Jesús es la visibilización, el sacramento de la conversión de Dios al hombre y del hombre a Dios. Y como en él la conversión de Dios al hombre es total y sin reservas, así ha de ser la conversión del hombre a Dios, total y sin reservas (Mt 10, 37 ss).  Él encarna el sí de Dios al hombre y el sí del hombre a Dios, pues “el Hijo de Dios, Jesucristo, anunciado entre vosotros por mí…, no fue sí y no, sino que  en él solo hubo sí. Pues todas las promesas de  Dios han alcanzado su sí en él” (2 Cor 1, 19 -20). “Aprended de mí” (Mt 11, 29). Pablo recomendará: “Tened entre vosotros los sentimientos propios de Cristo Jesús” (Flp 2, 5). La conversión es un “con-sentimiento” con Cristo.

En Cristo, Dios se revela apostando por el hombre;  es la expresión de la opción humana de Dios. En su persona, el hombre recupera la esperanza y la alegría, al descubrir el compromiso de Dios en su defensa (Rom 8,31). La garantía de que Dios está por el hombre es que por él se hizo hombre. La conversión cristiana es, en primer lugar, celebración de la conversión de Dios…

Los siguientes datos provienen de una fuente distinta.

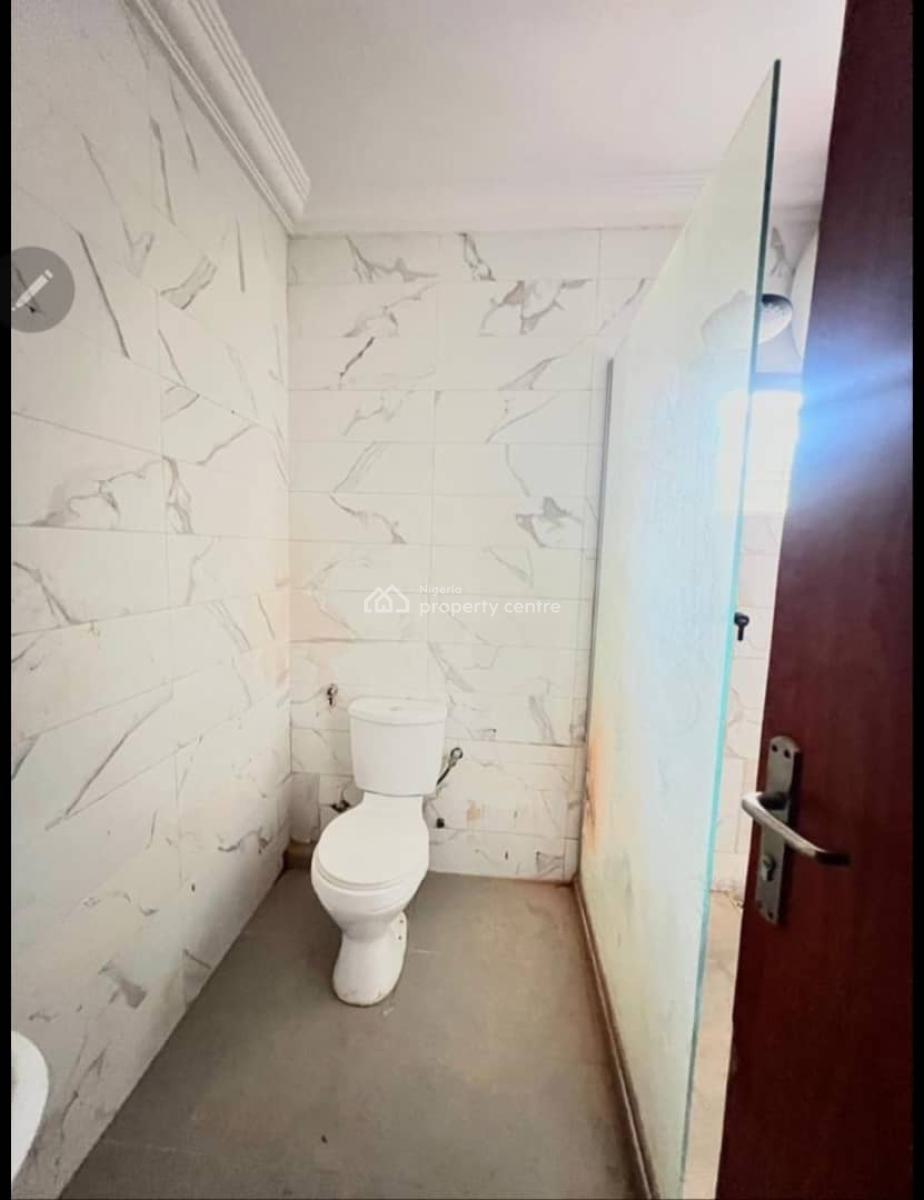 3 Bedroom Terrace with Bq, Off Admiralty Way, Lekki Phase 1, Lekki, Lagos, Flat / Apartment for Rent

       Pero esto no debe inducirnos a una falsa seguridad. “El amor de Cristo nos apremia” (2 Cor 5,14), es el principio de nuestra responsabilidad. Sin esa experiencia de un Dios vuelto hacia nosotros, en una revelación de amor, es imposible la respuesta del hombre; pero sin la respuesta, libre y amorosa, del hombre queda bloqueada la iniciativa salvadora de Dios.

El hombre no se salva por sus obras -la salvación viene de Dios- (2ª lectura); pero este Dios no impone la salvación al hombre, le hace una oferta responsable. Nos lo recuerda el evangelio de san Juan: la condenación del hombre es autocondenación, pues “el que cree en Él, no será juzgado; el que no cree ya está juzgado, porque no ha creído en el nombre del  Unigénito de Dios. Este es el juicio: que la luz vino al mundo, y los hombres prefirieron  las tinieblas, porque sus obras eran malas”.

Sí, Dios solo es Salvador, y el solo Salvador. Si Dios se ha convertido a nosotros, convirtámonos nosotros a Dios. Si Dios es Luz, caminemos a su luz. ¡Que su luz nos haga ver la luz!

 REFLEXIÓN PERSONAL

 .- ¿Siento que Dios está de mi parte?

.- ¿Hasta dónde llegan en mi vida las urgencias del amor de Dios?

.- ¿Cómo es mi conversión: ritual, parcelaria…?

Domingo J. Montero Carrión, Franciscano Capuchino.